Field of the Invention
Embodiments of the present invention relates to the field of display technology, and in particular to an array substrate, a method for manufacturing the same and a display device.
Description of the Related Art
TFT-LCD (Thin Film Transistor-Liquid Crystal Display), as a flat panel display device, is increasingly applied in a high-performance display field because of its small size, low power consumption, no radiation and relatively low manufacturing cost and other characteristics.
A TFT-LCD device, as shown in FIG. 1a, includes an array substrate 10 and a color film substrate 20, a liquid crystal layer is provided between the array substrate 10 and the color film substrate 20. A desired display image is obtained by inputting a control signal into the array substrate 10 to control a deflection of liquid crystal layer in order to adjust a transmittance of light through the liquid crystal layer.
As shown in FIG. 1b, the array substrate 10 may comprise a plurality of data lines 101 arranged in a longitudinal sequence within a display area A. In order to detect defects such as a short-circuit defect which may appear during manufacturing the array substrate 10, lead wires 112 connected with the data lines 101 are provided in a peripheral area of the display area A (non-display area).
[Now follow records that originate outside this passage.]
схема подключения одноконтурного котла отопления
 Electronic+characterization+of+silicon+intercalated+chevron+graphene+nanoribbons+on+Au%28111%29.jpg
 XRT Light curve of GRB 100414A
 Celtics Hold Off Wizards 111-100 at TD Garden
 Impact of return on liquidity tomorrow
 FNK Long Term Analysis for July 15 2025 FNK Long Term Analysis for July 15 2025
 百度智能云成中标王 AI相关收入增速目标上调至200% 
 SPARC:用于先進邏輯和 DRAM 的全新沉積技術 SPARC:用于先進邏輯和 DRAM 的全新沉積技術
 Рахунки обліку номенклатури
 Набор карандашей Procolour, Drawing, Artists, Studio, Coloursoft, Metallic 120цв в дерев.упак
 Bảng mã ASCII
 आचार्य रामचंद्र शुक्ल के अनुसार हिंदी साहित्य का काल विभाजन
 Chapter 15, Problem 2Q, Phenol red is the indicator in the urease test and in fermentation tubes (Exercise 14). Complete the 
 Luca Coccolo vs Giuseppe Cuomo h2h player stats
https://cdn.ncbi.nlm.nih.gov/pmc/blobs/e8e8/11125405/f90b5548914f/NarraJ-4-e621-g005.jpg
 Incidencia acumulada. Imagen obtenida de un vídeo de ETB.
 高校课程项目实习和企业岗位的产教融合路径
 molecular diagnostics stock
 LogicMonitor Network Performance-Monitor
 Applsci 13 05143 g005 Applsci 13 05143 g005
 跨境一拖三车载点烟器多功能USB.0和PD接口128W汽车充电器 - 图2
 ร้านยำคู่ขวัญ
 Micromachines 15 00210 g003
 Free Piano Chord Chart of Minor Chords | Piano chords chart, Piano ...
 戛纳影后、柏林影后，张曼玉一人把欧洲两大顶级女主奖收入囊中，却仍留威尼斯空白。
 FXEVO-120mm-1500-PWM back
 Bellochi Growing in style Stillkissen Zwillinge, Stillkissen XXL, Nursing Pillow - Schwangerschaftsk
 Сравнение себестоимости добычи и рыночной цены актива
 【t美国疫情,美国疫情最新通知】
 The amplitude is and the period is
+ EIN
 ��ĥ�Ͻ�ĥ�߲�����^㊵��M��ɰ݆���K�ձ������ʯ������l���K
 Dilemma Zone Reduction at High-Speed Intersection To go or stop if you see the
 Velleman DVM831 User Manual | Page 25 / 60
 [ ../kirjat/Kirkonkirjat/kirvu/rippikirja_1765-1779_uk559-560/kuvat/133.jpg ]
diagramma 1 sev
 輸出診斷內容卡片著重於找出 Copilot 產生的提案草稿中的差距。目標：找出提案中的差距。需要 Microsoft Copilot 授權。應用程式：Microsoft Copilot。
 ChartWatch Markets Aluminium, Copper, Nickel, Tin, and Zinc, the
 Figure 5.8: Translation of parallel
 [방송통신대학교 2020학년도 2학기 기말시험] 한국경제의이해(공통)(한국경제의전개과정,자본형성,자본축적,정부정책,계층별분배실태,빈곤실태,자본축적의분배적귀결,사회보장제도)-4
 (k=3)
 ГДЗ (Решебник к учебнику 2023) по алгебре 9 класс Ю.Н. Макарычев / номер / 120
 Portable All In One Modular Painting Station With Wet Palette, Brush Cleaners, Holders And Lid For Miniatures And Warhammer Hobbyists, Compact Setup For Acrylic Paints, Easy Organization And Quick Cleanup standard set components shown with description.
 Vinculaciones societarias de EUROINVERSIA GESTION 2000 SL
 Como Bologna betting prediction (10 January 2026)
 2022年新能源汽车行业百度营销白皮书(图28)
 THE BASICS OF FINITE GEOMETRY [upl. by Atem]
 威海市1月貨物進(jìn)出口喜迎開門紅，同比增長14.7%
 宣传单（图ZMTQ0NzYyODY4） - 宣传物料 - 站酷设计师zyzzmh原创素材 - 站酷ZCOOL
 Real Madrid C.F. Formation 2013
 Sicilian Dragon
A detecting signal is input into a data line 101 via the lead wire 112 to detect the short-circuit defect appearing in the data line 101. In order to simplify the manufacturing process and reduce a resistance between the lead wires 112 and the data lines 101, typically, the lead wire 112 may be formed from a material which forms a source-drain metal layer and the data lines 101.
Further, in order to simplify the manufacturing process, during manufacturing the above array substrate 10, a pattern of the data lines 101, a semi-conductor active layer 102, a source 103, a drain 104 and the lead wire 112 is generally formed through a single patterning process (comprising a single exposure process, an ashing process and several etching processes) with a mask having a semipermeable membrane. Since the mask having a semipermeable membrane is capable of forming photoresists with different thicknesses, the photoresist with larger thickness will also be ashed out in its edge when ashing the photoresist with smaller thickness and thinning the photoresist with larger thickness, so that a width of the data line 101 will be reduced. However, since the semi-conductor active layer is located below the source-drain metal layer constituting the data lines 101, the semi-conductor active layer at the edge of the data line pattern will be exposed when etching the source-drain metal layer corresponding the area where the photoresist has been ashed out. As a result, an exposed semi-conductor active layer is enlarged corresponding to the reduced width of the data line. Thus, in order to meet the development trend of a narrow bezel display device, when wiring the lead wires 112 in the non-display area with a small space, if employing the above manufacturing process with the mask having a semipermeable membrane, the formed lead wires 112 cannot be wired in the small space due to the limitation of its width, otherwise, a probability of occurrence of the short-circuit defect may be increased because two adjacent lead wires 112 are too close, resulting in an adverse effect on a quality of the display device.